The growth in demand for CLT will vary depending on the market diffusion timeframe. The market diffusion model presented by Beyreuther et al. (2016) was combined with the average Northwest US CLT per capita factor for the no low-rise multifamily scenario, calculated from the archetype buildings, the 7PP new construction data for the Northwest, and western North American projected population numbers (Dolan et al. 2019, NPCC 2016) (Fig. 3). Although the immediate demand numbers are low, product demand will be substantial by 2030. Demand will be greater if any of the low-rise multifamily residential market or commercial construction outside of the assumed categories are targeted.

Fig. 3. CLT demand curves for the Northwest US, California, remaining US west, and western Canada adapted from Beyreuther et al. 2016 with penetration numbers in m3/yr. Dashed lines are the combined CLT and MPP capacities for existing mills producing for either 2 or 3 shifts.

Western North American CLT Supply

The volume of mass timber panel supplied by the manufacturers listed in Table 3, is higher than the predicted demand for CLT and MPP prior to 2027 for the scenario with no low-rise multifamily construction utilizing manufacturing two shifts. The date move further out for three shifts to 2029. If the low-rise multifamily scenario that includes one-third of the demand is chosen, mass timber panel demand meets the capacity one year earlier, in 2026 for 2 shifts and 2028 for three shifts.

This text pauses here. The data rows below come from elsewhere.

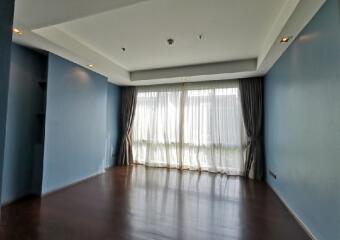 4 Bedroom Condo in Belgravia Residences Phrom Phong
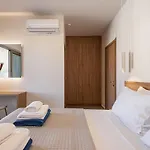 Aurea Villa *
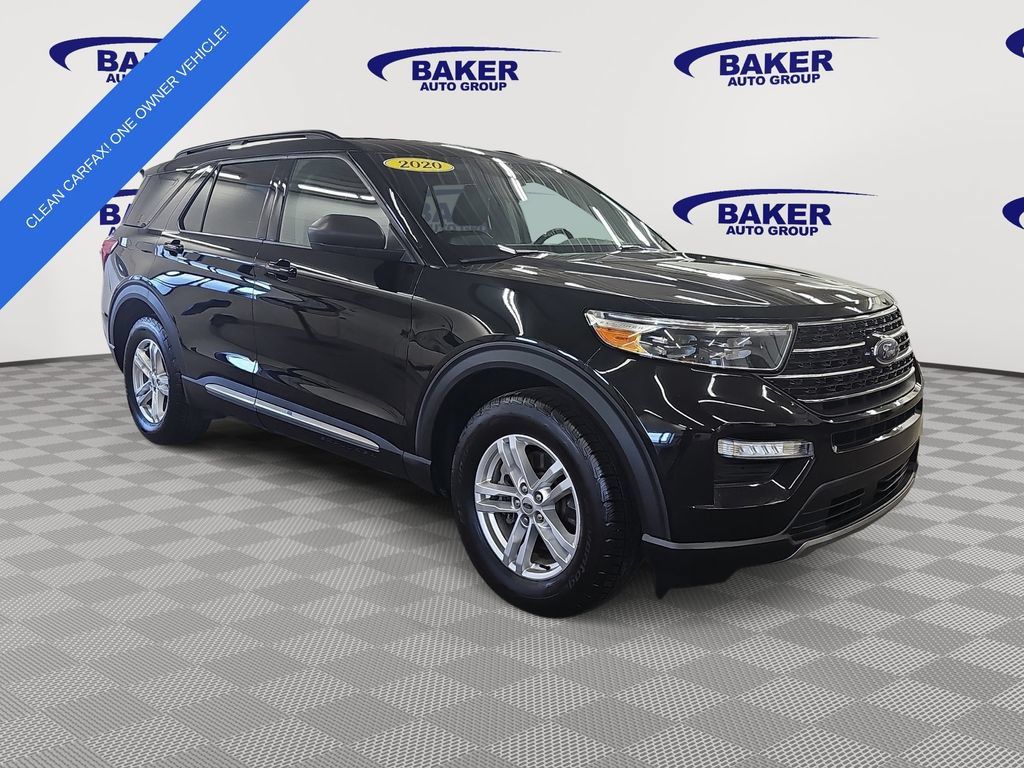 Used 2020 Ford Explorer XLT w/ Equipment Group 202A AWD/4WD image 3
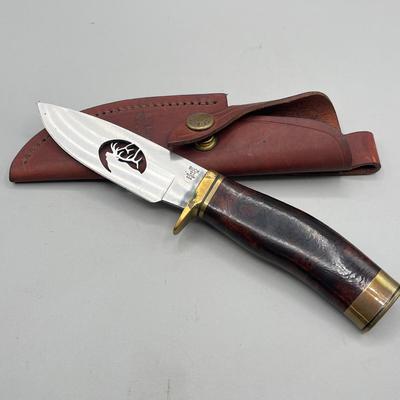 LOT 86: Wooden Handle Fixed Blade Knife Collection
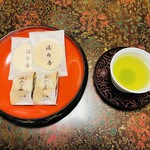 一乗院 - 部屋で振る舞われたみろく石と法の香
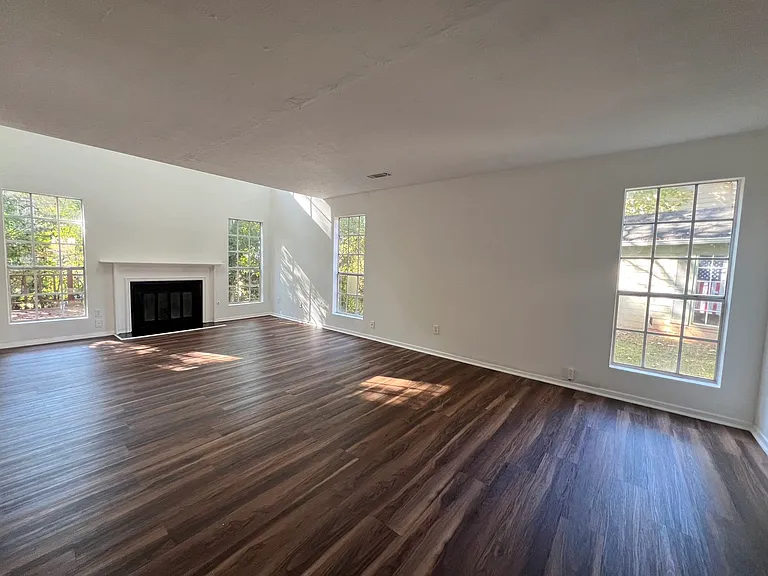 1309 Old Countryside Cir — Photo 5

Figure 3 demonstrates that the supply of CLT and MPP production in the NW US and BC will need to be sold outside of the CLT production region for all of the current facilities to be successful. Katerra, described as a “high-tech construction firm” is a vertically integrated company, and the production from their facility could be utilized internally at locations outside of the Northwest (Ester 2017). However, securing the California market is critical if extended transportation costs are to be avoided. The map shown in Fig. 4 illustrates the CLT demand at the county level for the region and the location of each facility. Counties with darker grey are demand centers with southern California having the highest values. Following the California demand center is Phoenix, Las Vegas, Seattle and Vancouver, BC.

Beyreuther et al. (2016) divided the CLT market into subcategories that are expected to enter the market at different rates. Wall applications are expected to be adopted more slowly than floor and roof diaphragm elements, shifting the timeline for when the demand equals the current supply further back. If the “no low-rise multifamily” scenario is held constant, but the volume of CLT used in walls is removed, the yearly demand volume drops by 19%. Beyreuther et al. (2016) and Ganguly et al. (2017) both proposed a Northwest US market demand in 2035 of 187,000 m3, which is based on new construction of multifamily housing and office buildings with unknown CLT use factors.

Fig. 4. Western North American CLT 2030 demand, CLT and MPP production and lumber mills

The present work predicts a more optimistic demand of 218,000 m3 for the same region, with an expanded market, but is still short of the supply for the next 6 or more years. However, we acknowledge that CLT can be used in applications and locations not included in the present analysis, and some of these facilities are still in the start-up process and are unlikely to have high production numbers.

Lumber Supply

The lumber eligible for CLT production in the present study is assumed to be No. 2 & better, kiln dried, coastal Douglas-fir, SPF, and Hem-fir. The current Northwest production volume per year of the lumber that meets these requirements is estimated to be 3.4 million m3. Based on the locations of existing CLT facilities, Canadian lumber volumes from BC, and Alberta and lumber from northern California are also included. These additions raise the total volume of acceptable lumber to 11.4 million m3. For the baseline CLT market penetration of 24%, the western North American CLT demand will use approximately 8.8% for the no low-rise residential construction scenario and 10.3% for the one-third low-rise residential construction scenario of the chosen lumber. However, if only the existing CLT facilities are considered and they all run two or three shifts, they utilize 1.6% or 1.8% of the applicable lumber, respectively. It is likely that the current CLT production is lower as new facilities ramp production and add shifts as demand grows. The map in Fig. 4 shows CLT demand at a county level and on-specification sawmill capacity. Many lumber mills have contracts for lumber, making it unrealistic to believe that a new manufacturer will be able to buy all of the on-specification lumber produced at any single facility. This means that CLT producers will have the simplest time sourcing lumber if they are associated with a lumber producer, have contracts for material, or are located near multiple lumber facilities.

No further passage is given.